Saudi out of recession, oil to fuel GDP growth
Saudi Arabia’s economy pulled out of recession in the first quarter of 2018 after shrinking for the first time in eight years during 2017, official data showed yesterday, and the recovery looks set to accelerate in coming months with a rise in oil production.
Gross domestic product, adjusted for inflation, grew 1.2 percent from a year earlier in the first three months of 2018, the government’s statistics agency said.
GDP had dropped from a year earlier in every quarter of 2017 as a global price-supporting agreement among oil exporting countries caused Saudi Arabia to cut back its crude output.
For the whole of 2017, GDP shrank 0.7 percent.

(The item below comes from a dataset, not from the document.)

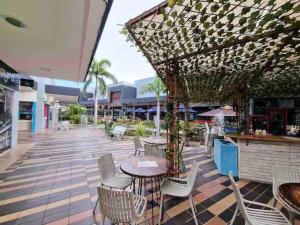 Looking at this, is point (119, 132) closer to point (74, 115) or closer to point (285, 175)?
point (285, 175)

The impact of the oil deal faded at the start of 2018 after Saudi Arabia completed the required cuts. This allowed the oil sector, which comprises over 40 percent of the economy, to grow 0.6 percent from a year ago in the first quarter — a big contrast to its 4.3 percent decline in the last quarter of 2017.
Oil prices have been steadily rising since early 2016, when OPEC and non-OPEC producers struck a deal to cut output. In the next several months, Saudi oil production is set to expand.
Global producers agreed last month to boost output by a combined 700,000 to 1 million barrels per day, and as the world’s biggest crude exporter, Riyadh may account for the lion’s share of the increase.